Figure 5 further illustrates the effect for systems with different neutron and proton numbers. We employ the same parameters as
$ ^{156} {\rm{Gd}}$ for the calculation, with only the neutron or proton number altered. In this way, we compare the results for different proton and neutron systems, not realistic isotopes. As the figure shows, the amplitude of the scissors mode oscillation remains slightly reduced as the neutron number varies. In contrast, the amplitude of the scissors mode oscillation increases with the addition of protons. This behavior reflects the sensitivity of the scissors mode to the relative sizes of the proton and neutron systems, a sensitivity that varies oppositely in systems with fixed neutron and proton configurations. We expect that, with all other calculation conditions equal, the strongest oscillations would occur in nuclei with similar sizes of protons and neutrons, i.e., N = Z systems. This observation is based on current computational results. A more systematic investigation is required to fully understand the influence of neutron and proton numbers on the scissors mode and to provide a comprehensive analysis of their respective roles. -
Through a systematic analysis of the scissors-mode rotational band in the nucleus of
$ ^{156} {\rm{Gd}}$ , as well as in some of its isotopes and isotones, we investigated the effects of quadrupole deformation and the strength of the monopole-pairing on its band-head energy and oscillatory characteristics.
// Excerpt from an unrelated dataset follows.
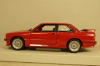 BMW 3-series M3 ( E30) 1988, red, BU21100R , Bburago 1:24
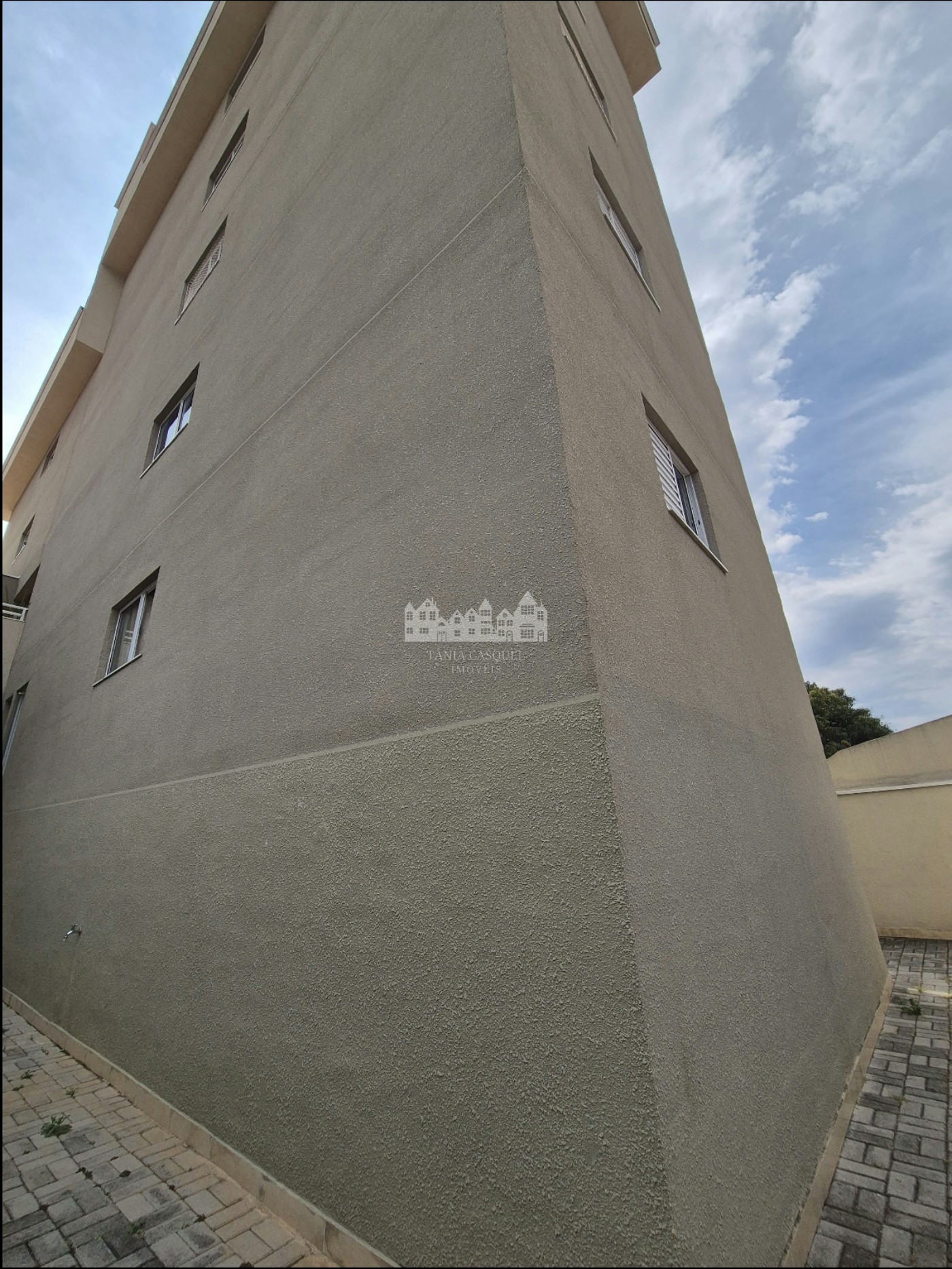 Apartamento à venda com 2 suítes em Atibaia Jardim, Atibaia, SP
This study revealed that when the quadrupole deformation is relatively small, the band-head energy of the scissors rotational band increases significantly. Conversely, when the quadrupole deformation is larger, the band-head energy tends to stabilize, with only minor variations as the deformation changes. Therefore, for nuclei with large and stable deformations, the band-head energy of the scissors mode band typically remains within a certain energy range. Additionally, there is a clear dependence between the quadrupole deformation and oscillation amplitude of the scissors mode band: the smaller the deformation, the larger the oscillation amplitude. Notably, regardless of changes in deformation, the oscillatory characteristics of the scissors mode band persist, with only differences in oscillation amplitude. In comparison, the influence of the monopole-pairing strength on the band-head energy and oscillatory characteristics of the scissors mode band is relatively minor and can be considered a secondary factor compared to the effects of deformation. -
The author is thankful for the many inspiring discussions with Professor Yang Sun and acknowledges collaboration with Professors F.-Q. Chen and M. Guidry.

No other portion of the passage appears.